You can have Linux on a MacBook, good luck to Nvidia if they actually wanted to lock people into Windows!
sittingmongoose@reddit
Well apparently it was supposed to launch 2 years ago but software issues and small hardware bugs delayed it. So I imagine the price they wanted to launch at 2 years ago is dramatically different than the price they can launch at now.
Probably will start at $3500 for the highest SOC and were probably expecting it to be $2000 back when it was supposed to launch.
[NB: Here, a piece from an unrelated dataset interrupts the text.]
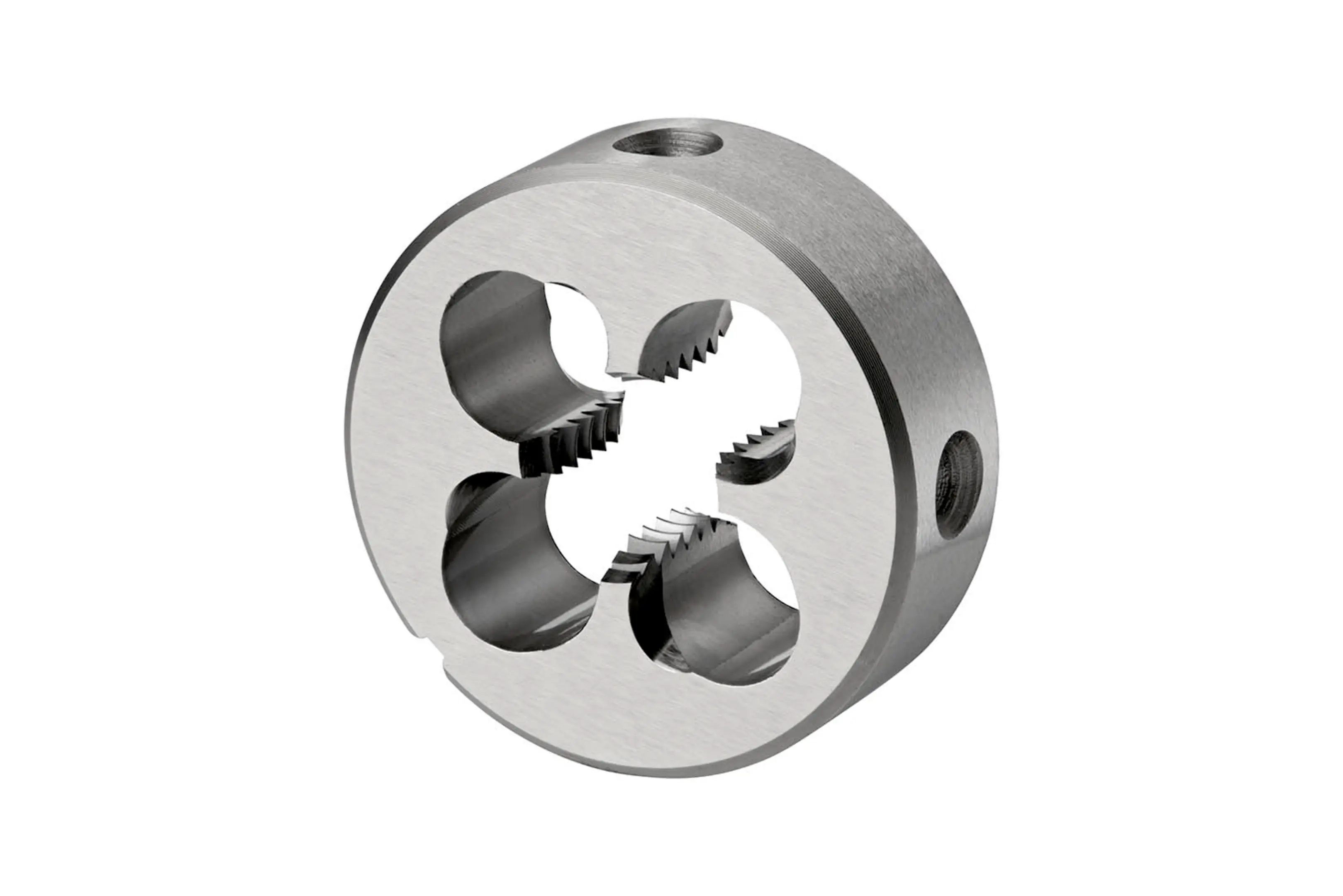 Picture of Dormer Pramet 5073209 M8X1.25 M 25 mm Od HSS Gun Nosed Die - S Threading Die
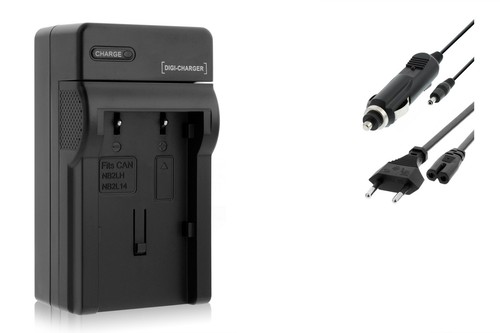 Chargeur pour canon eos - canon,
Mountain_Patience231@reddit
i suspected those so called 100 fps gaming were also some AI slop frames
Ok_Warning2146@reddit
From the news report, it seems like it is just a DGX Spark with windows.
RestInProcess@reddit
I wonder how this would work because the DGA Spark is a very hot running system.
g_rich@reddit
Seems more like a DGX Spark with no ConnectX-7 NIC and a lower TDP that can run Windows and likely at the very least DGX OS.
Guinness@reddit
The 128GB ram limit kills it for me. I want 768GB of unified RAM at 1024GB/sec capable of at least running GLM/Kimi.
Fairchild110@reddit
GB300 is the answer to your wants.
Limp_Classroom_2645@reddit
ugh 😒
Django_McFly@reddit
it's not like the OS that you want to run cost money to install. $0 and like an 30 minutes and the solution is perma fixed. Hell, install pi and ask pi to do it. $0 and no time loss from your life.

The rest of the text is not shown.